'People don't believe that a 15-year-old girl subjected to sexual intercourse within a marriage is a victim of rape.'

Key Points
- 'A lot of people believe that a girl should be married off at the earliest because they attach virtues like virginity, chastity.'
- Poverty, lack of education and child marriages form a vicious circle.
- Child marriages are rampant in Bihar, West Bengal, Jharkhand, Uttar Pradesh, Madhya Pradesh, Rajasthan.
Child marriages in India are as high as 23.3%.
The state that tops the chart is Jharkhand with 32.2%.
Working relentlessly to stop child marriages is Just Rights for Children founded by child rights activist Bhuwan Ribhu.
Just Rights for Children has a network of over 250 civil society organisations operating in 458 districts across 28 states in India.
Just Rights for Children has stopped 474,951 child marriages from 2023 to 2026.
"If a child is subjected to sexual intercourse in a marriage, it is treated as child rape under POCSO," Mr.

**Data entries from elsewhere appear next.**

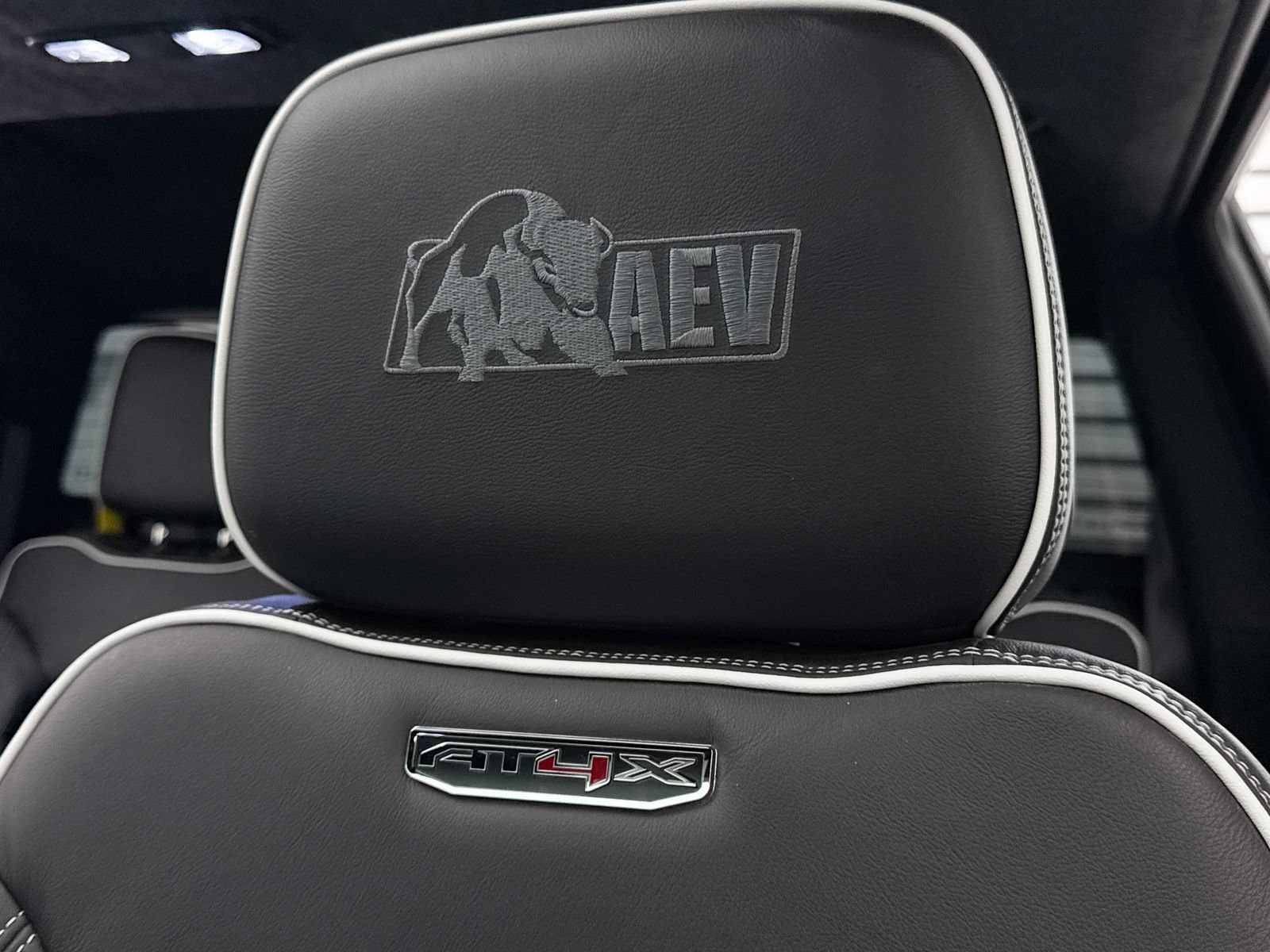 Used 2024 GMC Sierra 1500 AT4X w/ AT4X AEV Edition AWD/4WD image 4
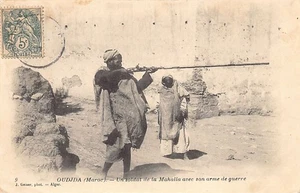 Maroc - OUJDA - Un soldat de la Mehalla du Sultan (orthographié Mahalla) avec so - Picture 1 of 2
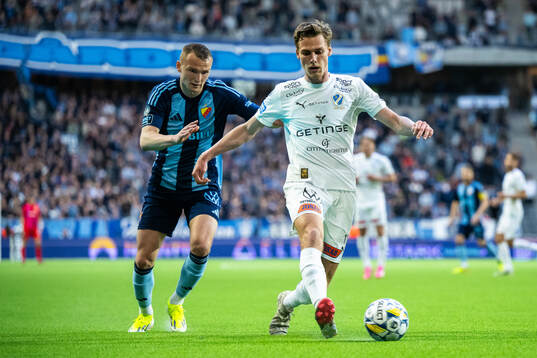 Djurgårdens Piotr Johansson och Halmstads Villiam Granath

Ribhu tells Rediff's Shobha Warrier.
The prevalence of child marriages in India is shockingly high at 23.3%.
Why do child marriages happen in India even today? Is it poverty or lack of awareness?
I think it is a combination of 3-4 factors working simultaneously.

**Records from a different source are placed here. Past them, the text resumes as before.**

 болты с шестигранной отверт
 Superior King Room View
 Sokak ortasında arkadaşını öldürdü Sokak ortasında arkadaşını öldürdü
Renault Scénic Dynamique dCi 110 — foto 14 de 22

The first is the social acceptance of child marriages, and also looking at child marriages from the lens of patriarchy, in the sense that a girl is a burden on the family so she has to be send away as early as possible.
The second factor is a lot of people believe that a girl should be married off at the earliest because they attach virtues like virginity, chastity and things like that to their own family honour.
The third factor is that once a girl reaches the age of 14, she is denied education. As you know, education is free and compulsory only till 14. A family prefers to spend money on the education of a boy rather than a girl as they believe that a girl is paraya dhan!
So, after 14, a girl has to sit at home, and not study.
In the case of Muslims, as per the Muslim Personal law, a girl has to be married off once she reaches the age of puberty which gives a kind of social sanction to child marriages. So, a lot of people believe that it is permitted in their religion, but it is not so.
Now, I will talk about the most important factor. As a society, we have not realised that child marriage is nothing but child rape, and that it is a crime.
The main reason is, people don't look at child marriages from the lens of crime.
They do not believe that a 15-year-old girl subjected to sexual intercourse within a marriage is a victim of rape.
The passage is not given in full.